Service with a Shotgun é daqueles projetos independentes que surgem quase sem aviso e acabam por surpreender pela criatividade. Desenvolvido por uma única pessoa, combina visual novel, tiroteios contra zombies e uma estética profundamente influenciada por Coffee Talk e VA-11 Hall-A. À primeira vista parece uma mistura impossível: servir clientes, manter conversas mais ou menos profundas e, ao mesmo tempo, disparar caçadeiras contra hordas de mortos-vivos que tentam entrar pela porta da loja. No entanto, esta estranha combinação funciona melhor do que seria de esperar, oferecendo uma experiência curta mas marcante, com muito estilo e uma atmosfera muito própria.
Jogabilidade
A jogabilidade assenta em duas frentes: conversação com os clientes e defesa da loja contra zombies. A ação decorre sempre atrás do balcão, numa perspetiva de FPS estacionário. Os clientes surgem, falam sobre os seus problemas e histórias pessoais, e entre cada linha de diálogo temos de virar a arma para o lado e disparar contra inimigos que avançam lentamente. Esta dualidade cria uma mecânica de multitarefa que é, surpreendentemente, o coração do jogo.
Durante as conversas, temos de prestar atenção ao que nos dizem, porque o jogo faz pequenas perguntas sobre essas informações. Se acertarmos, ganhamos algum dinheiro ou munições extra. No entanto, se falharmos, as consequências são quase inexistentes. O jogo nunca impõe verdadeira pressão económica, pelo que falhar estes pequenos questionários raramente muda algo. Isto enfraquece um potencial elemento de tensão, já que seria natural que a necessidade de ouvir atentamente aumentasse a intensidade do jogo. Mesmo assim, a sensação de ter de alternar entre um diálogo emocional e a urgência de disparar contra um zombie a meio da frase cria momentos divertidos e caóticos.
Quando a repetição ameaça instalar-se, o jogo apresenta novas ferramentas e sistemas: barricadas, armadilhas, torres automáticas e até alguns níveis isolados totalmente em 3D, onde podemos mover-nos livremente. Estes segmentos, ainda que simples, são essenciais para quebrar o ciclo básico, mantendo a jogabilidade fresca até ao final.

Mundo e história
A narrativa não tenta ser épica nem complexa. Jones, o protagonista, é apenas um trabalhador de uma loja de beira de estrada que tenta sobreviver num mundo onde o serviço ao cliente é literalmente um inferno. Os clientes que encontramos são caricaturas simpáticas e engraçadas, com pequenas histórias que oferecem momentos de humor, introspeção ou sarcasmo.
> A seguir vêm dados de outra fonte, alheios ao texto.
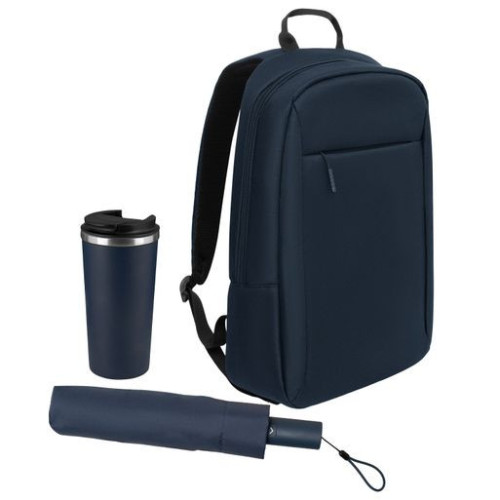 Подарочный набор Сириус (Sirius), синий (зонт, термокружка, рюкзак)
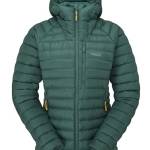 Rab Microlight Alpine - Piumino lungo da donna, per trekking, arrampicata e sci, Ardesia verde, 48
Apesar de a escrita ser algo amadora e previsível, o jogo compensa com uma boa dose de charme. O tom oscilante entre o humano e o absurdo cria uma vibe muito particular, que funciona graças à honestidade do projeto. Não tenta imitar grandes narrativas, mas sim apresentar pequenas histórias de sobreviventes num cenário pós-apocalíptico tratado de forma descontraída.
Grafismo
O grafismo aposta num estilo retro encantador. As personagens são desenhadas à mão, com traços expressivos e cores suaves, transmitindo uma estética próxima de novelas visuais clássicas. Os segmentos em 3D são muito simples, mas cumprem perfeitamente a função de variar o ritmo e dar ao jogador uma sensação diferente sem quebrar o estilo geral. O ambiente é limitado, já que a maior parte do tempo ficamos atrás do balcão, mas o uso inteligente de pixel art faz com que o jogo mantenha uma identidade visual forte e memorável.

Som
A banda sonora é, sem dúvida, o elemento mais impressionante do jogo. Mistura lo-fi, hip-hop suave e jazz de forma exemplar, criando um ambiente relaxado que contrasta com a tensão dos zombies a aproximarem-se. É o tipo de música que poderíamos ouvir durante horas sem cansaço, e contribui imenso para a atmosfera confortável, quase cozy, que o jogo consegue manter mesmo rodeado de caos. Os efeitos sonoros são funcionais e cumprem o seu papel, mas é a música que realmente se destaca e eleva a experiência.
Conclusão
Service with a Shotgun é um daqueles jogos que não procuram grande profundidade, mas sim oferecer algo diferente e feito com paixão. A jogabilidade é simples, a escrita é modesta e a campanha é curta, durando cerca de três horas. No entanto, a criatividade, o ritmo inteligente e a banda sonora excecional transformam-no numa experiência que vale a pena descobrir. É um projeto indie honesto, cheio de coração, com ideias interessantes que poderiam ter sido exploradas mais a fundo, mas que ainda assim conseguem criar uma aventura memorável. Para quem aprecia jogos pequenos, estranhos e cheios de estilo, esta loja de beira de estrada em plena invasão zombie é uma paragem obrigatória.